As already mentioned: Rekindling dormant feelings is almost always possible if both partners desire it. – But what if your partner no longer wants it at all ?
It is almost impossible to convince another person with arguments and 'logic' to remain in the partnership against their will.
Why? If the other person has taken stock and mentally checked out – perhaps because they now only experience the relationship as a source of stress and work, and the entire being together as a chronic crisis – then no amount of talking, reassurances, promises, begging, or pleading will help anymore. At some point, the other person simply stops believing the mantra: "From now on, everything will be different! Absolutely! I promise!"
However, what can usually lead the partner – at a slightly earlier stage – to give the relationship another chance is the experience of new, beautiful, shared moments – without arguments, stress, or teasing.
Take the initiative! Consistently and decisively. With gestures and actions.
Show him or her how wonderful time together can be. Stop just talking about what needs to be improved (for example, after an argument), and instead experience how it feels for both of you when you start giving it your all, i.e.,
Remain respectful under all circumstances,
Respond to the needs and suggestions of your partner whenever possible,
Give your relationship top priority.
Remember how loving the communication is when a relationship is new. How natural it is to support each other. How clearly and precisely promises and agreed-upon times are kept. How much you would both love to spend all your free time together. How much joy it brings each of you when the other is happy.
The "pampering experiment" often works wonders.
You'll be surprised at the difference it makes if you consistently focus on showing consideration and communicating kindly with each other from now on, and on regularly spending quality time together and pampering each other as often as possible. With affection, attention, and loving gestures.
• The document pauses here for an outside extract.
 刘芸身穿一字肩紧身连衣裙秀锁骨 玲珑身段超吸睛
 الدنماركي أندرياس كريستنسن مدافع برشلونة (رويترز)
Do you wish for support and concrete guidance to truly stick with this plan and (re)establish a lasting, open, and constructive communication style? So that you can once again experience your life together as a source of strength? – Without falling back into unhealthy relationship patterns?
Then I can highly recommend the PaarBalance program – online couples therapy for individual partners: It's the only scientifically validated online relationship coaching program of its kind in the German-speaking world. The tool can be used by both partners simultaneously or by one partner entirely on their own.
If you feel this applies to you, you can find out more about how PaarBalance works on the following page: www.paarbalance.de .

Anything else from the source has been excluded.